Non è però il solito album di folk music dai mille risvolti musicali e tecnici. Gli Arch Garrison sottolineano con una forza inattesa una rivoluzione dei canoni del folk-revival, c’è la volontà ben precisa di strappare ogni legame con la scena indie e il suo atteggiamento da borghesotti invaghiti di un passato, oltre che da quel patriottismo non più genuino ma classista che sta contaminando tutta l’Europa.
Come la Incredible String Band, i due musicisti (alfine il nome Arch Garrison in questo secondo album sottintende Craig Fortman e James Larcombe) rimettono in gioco il fascino della tradizione con una contaminazione che tiene ben presente le evoluzioni della cultura pagana contemporanea, come la Memory Band nel tragitto nei luoghi della memoria di “On Our Chalk…”, o il geniale Sam Lee di ”Ground Of Its Own” e la visionaria Mary Hampton. La band non vuole fuggire verso la campagna e la solitudine, ma desidera ardentemente ripristinare nella Londra moderna quella fierezza popolare che nasce da un'analisi culturale più profonda e sincera.
Come i corrieri cosmici rivoluzionarono la musica elettronica, così il duo reinventa il folk, e il canto quasi sgraziato di “Where The Green Lane Runs” è come un avviso messo in cappello all’album per allontanare gli hipster curiosi. Ed è in questo modo che, partendo da delicati arpeggi lirici (“The Oldest Road”), li si può sentir approcciare verso lidi più evanescenti e meditativi che mutano in una nenia malinconica e struggente alla Robert Wyatt, e quando “Everything All” scivola nel pop, è solo per dimostrare che quello che gli altri esibiscono come arte sublime qui non è altro che un banale divertissement.

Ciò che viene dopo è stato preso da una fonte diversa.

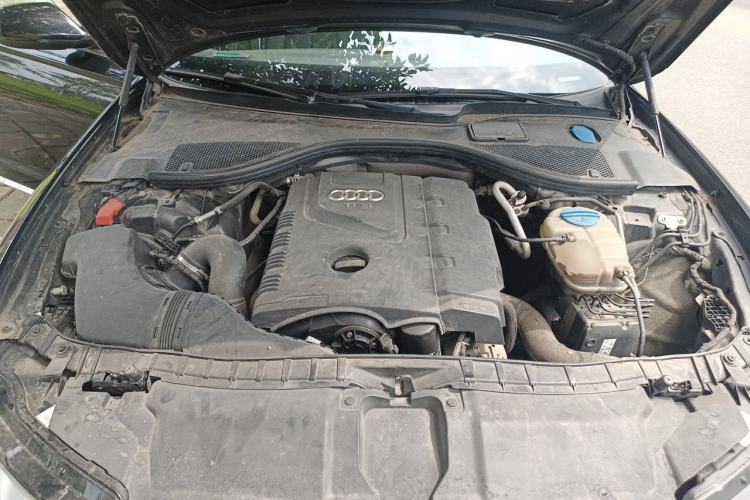 Used Audi A6L 2014 TFSI Standard Model Engine Bay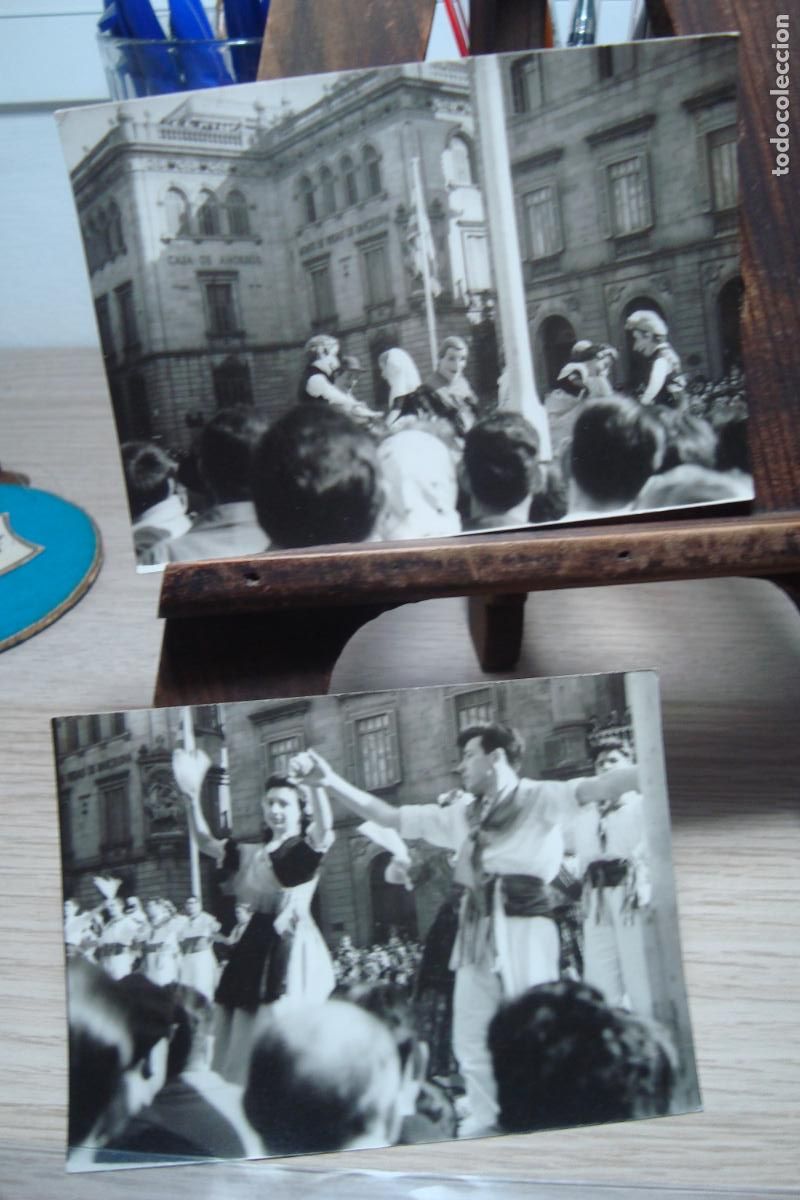 Fotograf&iacute;a antigua: ANTIGUAS FOTOGRAFIAS FIESTAS POPULARES PLAZA SANT JAUME BARCELONA A&Ntilde;OS 60.
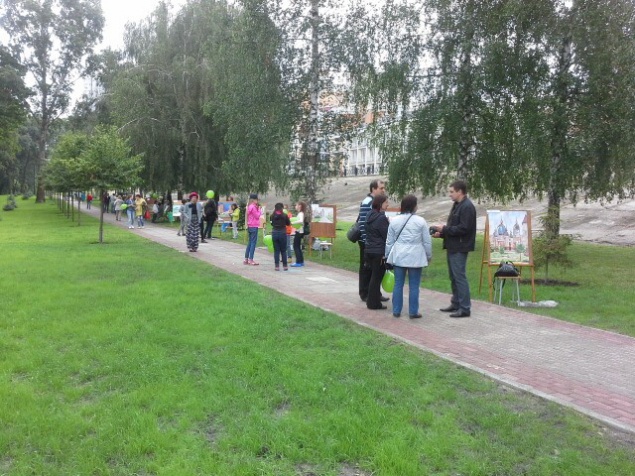 В урочище “Наталка“ в Киеве открыли обновленный парк ”Оболонь”(фото)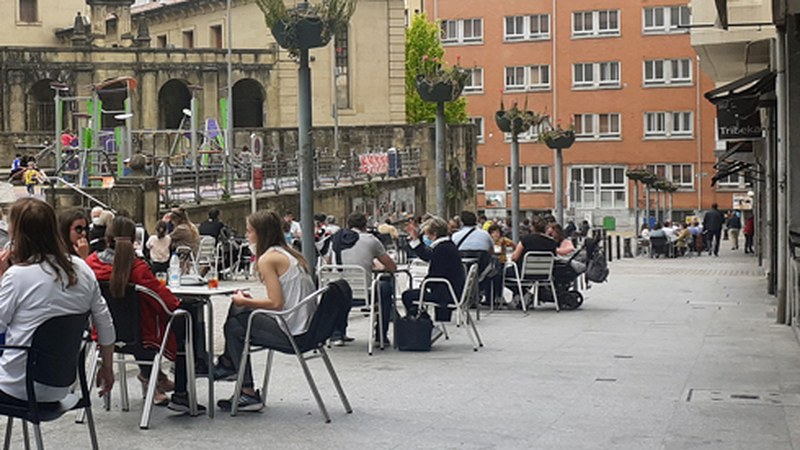 Euskadik 01: 00era aurreratu du jardueren itxiera, eta hiriguneetan maskara derrigorrezkoa izango da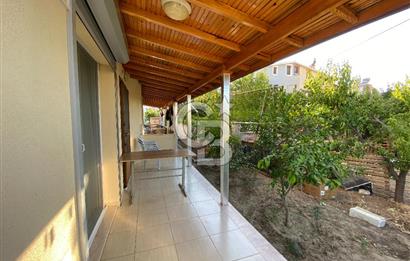 Ayvalık Altınova'da Denize 500 Metre,350m² Arsa Alanlı 5+1 Villa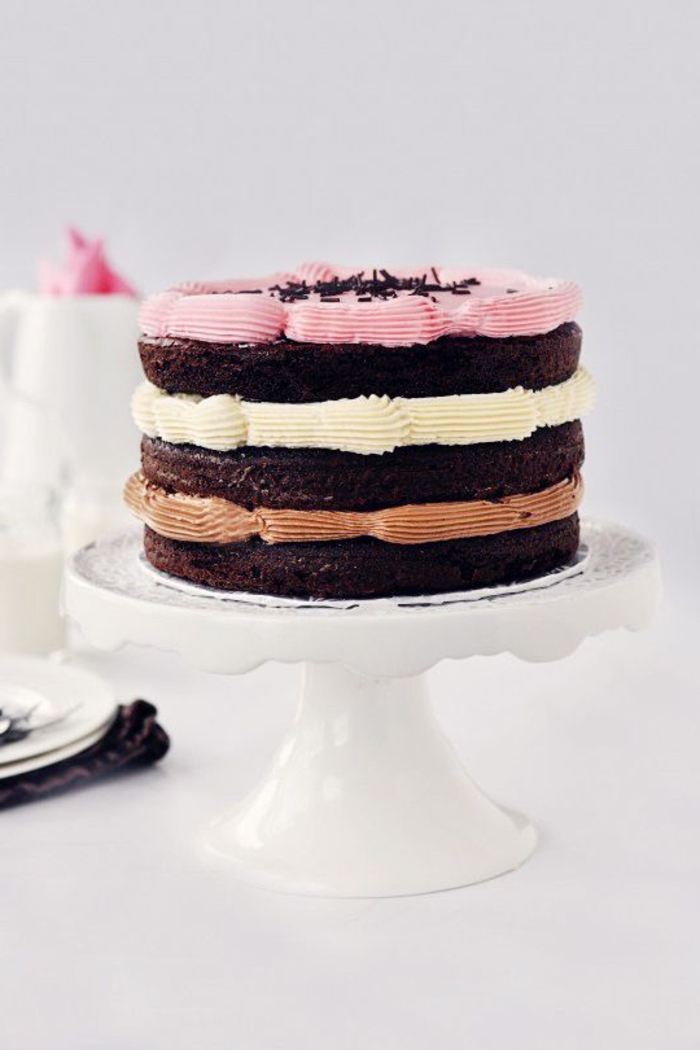 tarta feliz cumpleaños de tres capas, tarta de chocolate con tres cremas, las mejores recetas de tartas caseras fáciles y rápidas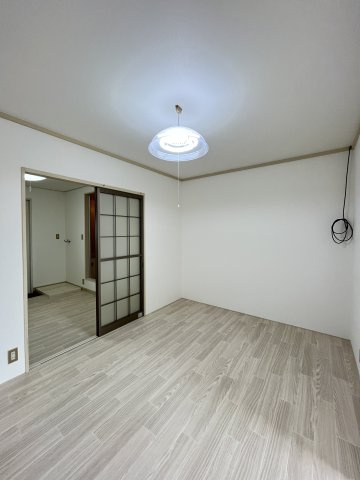 ファミール中島の洋室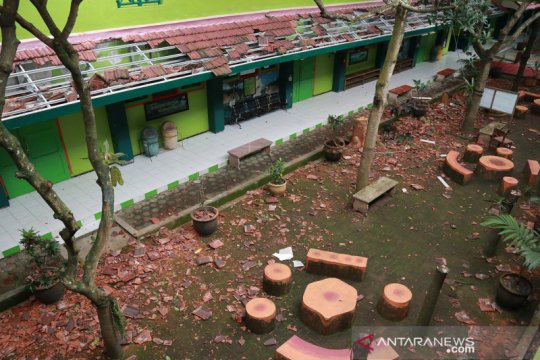 Gedung sekolah rusak karena gempa di Malang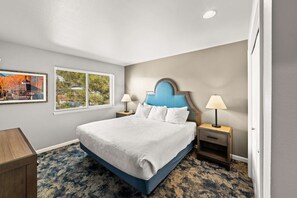 6 bedrooms, desk, iron/ironing board, WiFi - 2x2BR Bavarian Retreat, Hot Tub, 1 Mi to Downtown (Leavenworth)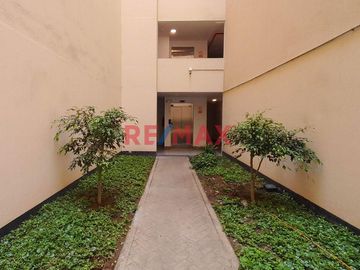 Depa En Primer Piso, En Lindo Condominio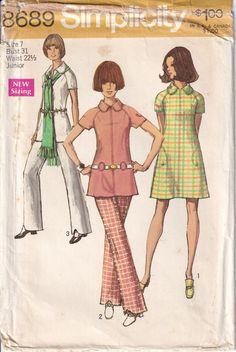 Vintage 1970 Simplicity 8689 UNCUT Sewing Pattern Junior Misses' Dress or Tunic and Pants. The top-stitched dress V. 1 or tunic V. 2 & 3 with front zipper closing have rounded collar and short raglan sleeves. V. 1 features pockets in sides seams detailed with top-stitching and button trim. V. 2 has a purchased belt slipped thru "oval" shaped self fabric carriers. V. 3 is worn with purchased scarf and belt. The top-stitched pants V. 2 & 3 with back zipper and waistband feature shaped leg edges.  Size: 7 Bust: 31 ins Waist: 22-1/2 ins Hip: 33 ins Pattern and instructions are complete; pieces are uncut, and in factory folded. 70s Sewing Patterns, Tunic And Pants, 1970 Fashion, Superstar Barbie, Simplicity Patterns Vintage, Patron Vintage, 70’s Fashion, Miss Dress, Couture Vintage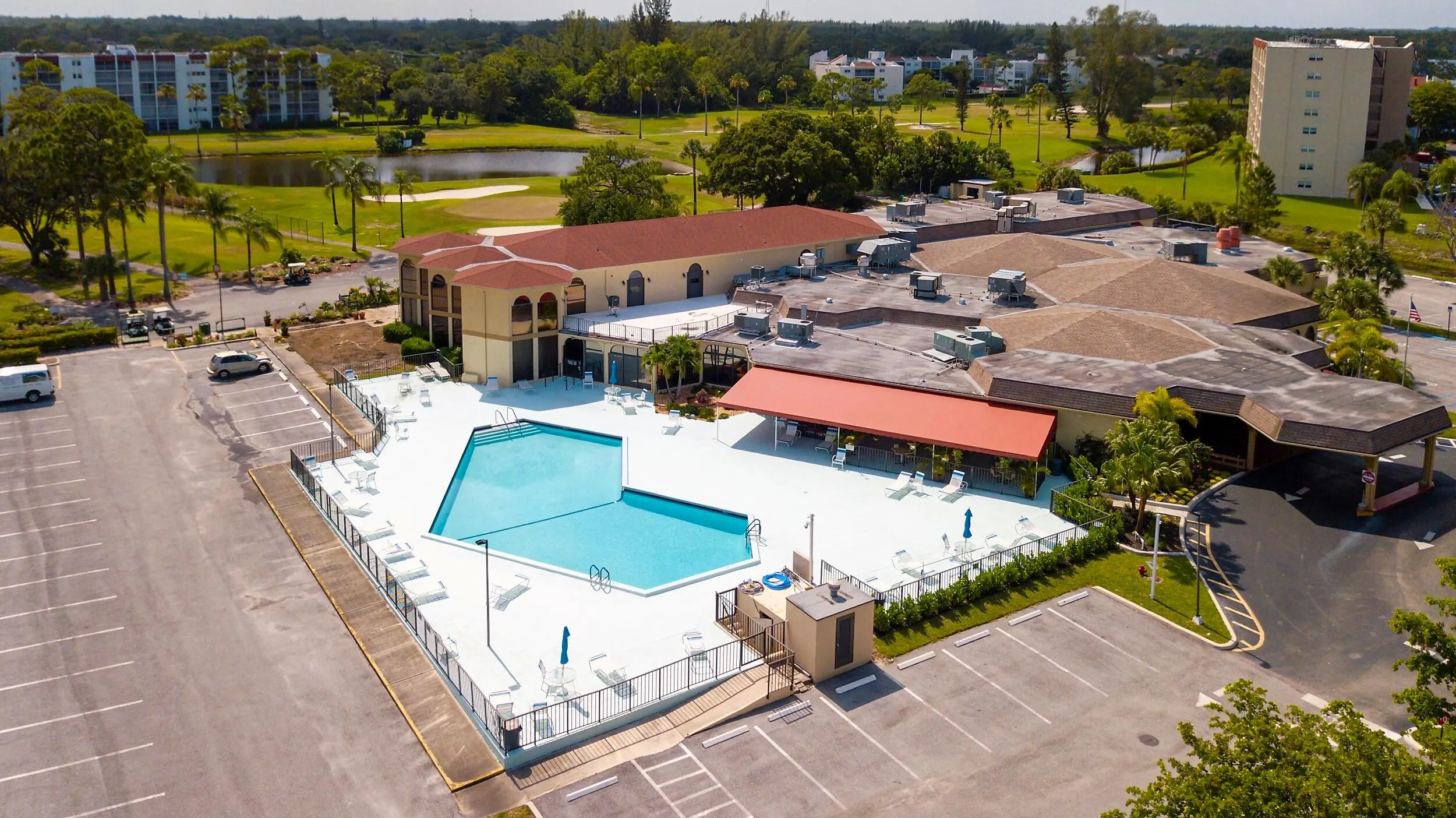 3755 VIA POINCIANA #402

“Vamp 1” e “Vamp 2”, nel loro indugiare in atmosfere esotiche e nord-africane sono la dichiarazione più importante di modernità del linguaggio folk del duo: le barriere sono definitivamente sconfitte dalla bellezza e dall’universalità del linguaggio musicale, Craig mette insieme lirismo e tecnica con una forza quasi inedita.
Piccole variabili, come l’intro di synth di ”Bubble” e l’accordo in chiave leggermente blues di “Six Feet Under Yeah”, oltrepassano qualsiasi stilema e rimettono in piedi il valore della musica e il mistero che spesso aleggia dietro quell’accordo in minore dal tono riflessivo e quasi innocuo e remissivo, ma che riafferma il valore dell’uomo e dell’altro. Non a caso uno dei brani più intensi e suggestivi è proprio “Other People”, dove Craig invita ognuno di noi a prendere coscienza della propria energia per evitare che essa si perda nel fluire della banalità.
“I Will Be A Pilgrim” mette insieme alcune delle intuizioni più felici del folk inglese, quelle che hanno dato linfa vitale a musicisti come Nick Drake, Donovan, Bert Jansch, ma anche ai visionari come Robyn Hitchcock e Robert Wyatt, recuperando anche frammenti del Canterbury sound (si ascolti proprio la sequenza che va dalla title track a “Sweet Tomorrow”) e regalandoci un capitolo prezioso della nuova tradizione britannica.